AIM OF THE EXERCISE: Go to the line holding "スイスパ 恵比寿(翠SUI SPA)/【美脚マッサージ】Before/After" in the data below. Return it and each line after it through the last, exactly, and skip the pictures.

SOURCE INFORMATION:
--*--

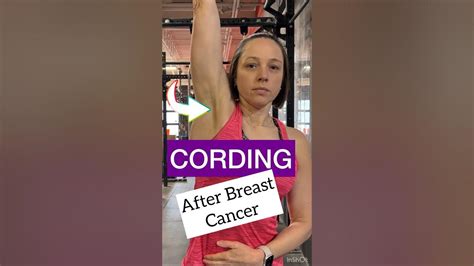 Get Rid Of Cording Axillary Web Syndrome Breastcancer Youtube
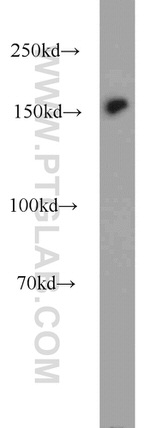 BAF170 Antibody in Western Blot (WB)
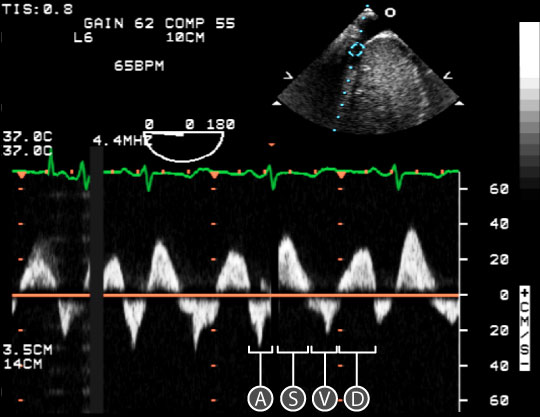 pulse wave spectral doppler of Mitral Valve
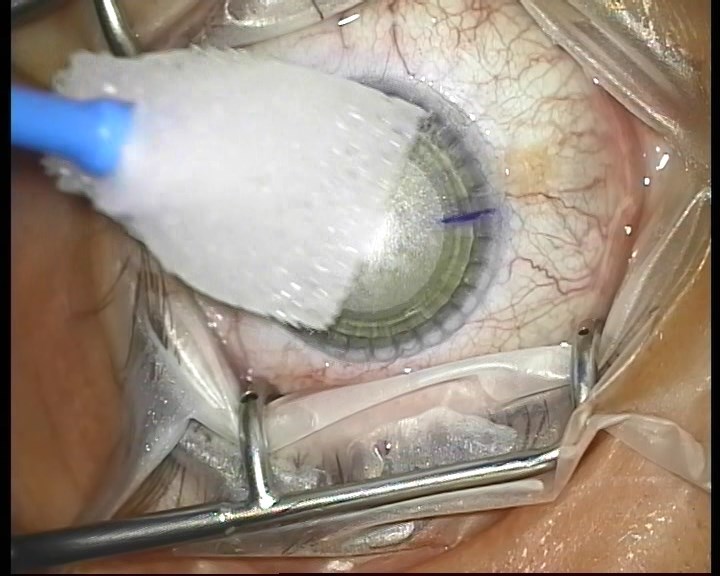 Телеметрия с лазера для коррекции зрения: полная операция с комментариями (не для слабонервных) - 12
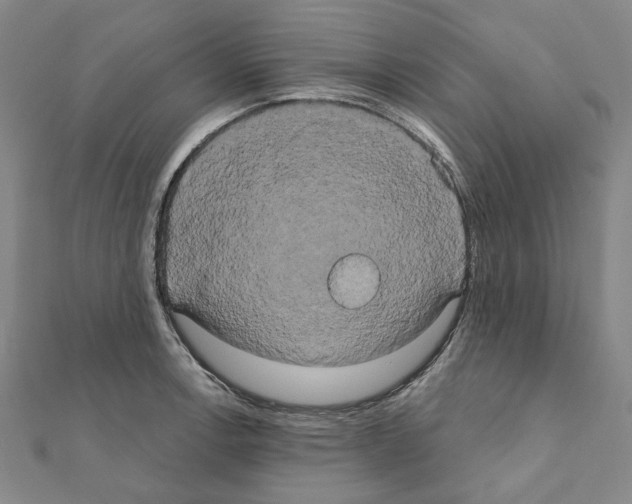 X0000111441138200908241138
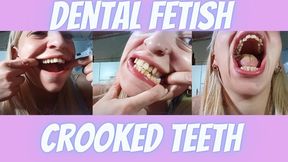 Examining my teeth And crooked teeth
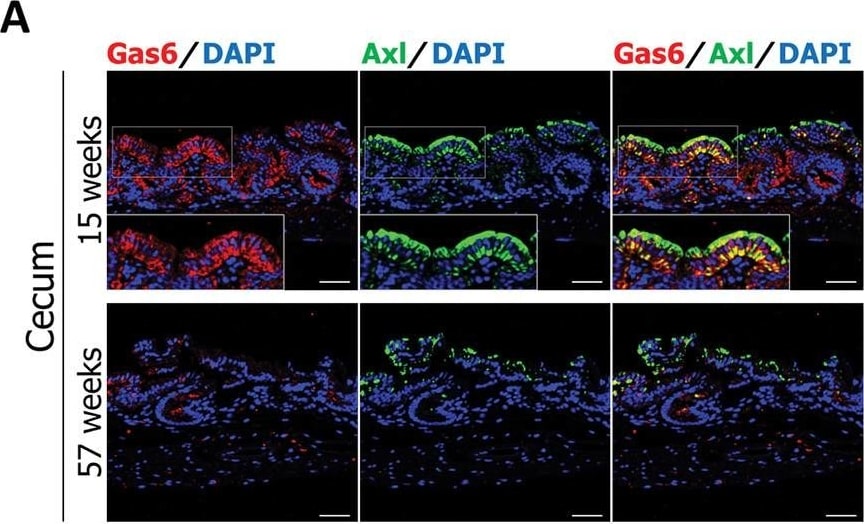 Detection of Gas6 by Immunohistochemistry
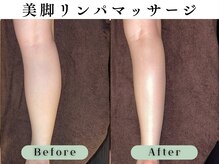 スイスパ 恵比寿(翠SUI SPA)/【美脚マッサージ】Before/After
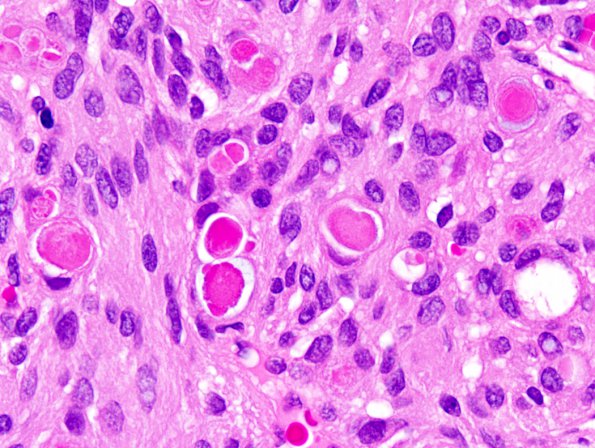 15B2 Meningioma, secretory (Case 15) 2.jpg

--*--

EXERCISE SOLUTION:
 スイスパ 恵比寿(翠SUI SPA)/【美脚マッサージ】Before/After
 15B2 Meningioma, secretory (Case 15) 2.jpg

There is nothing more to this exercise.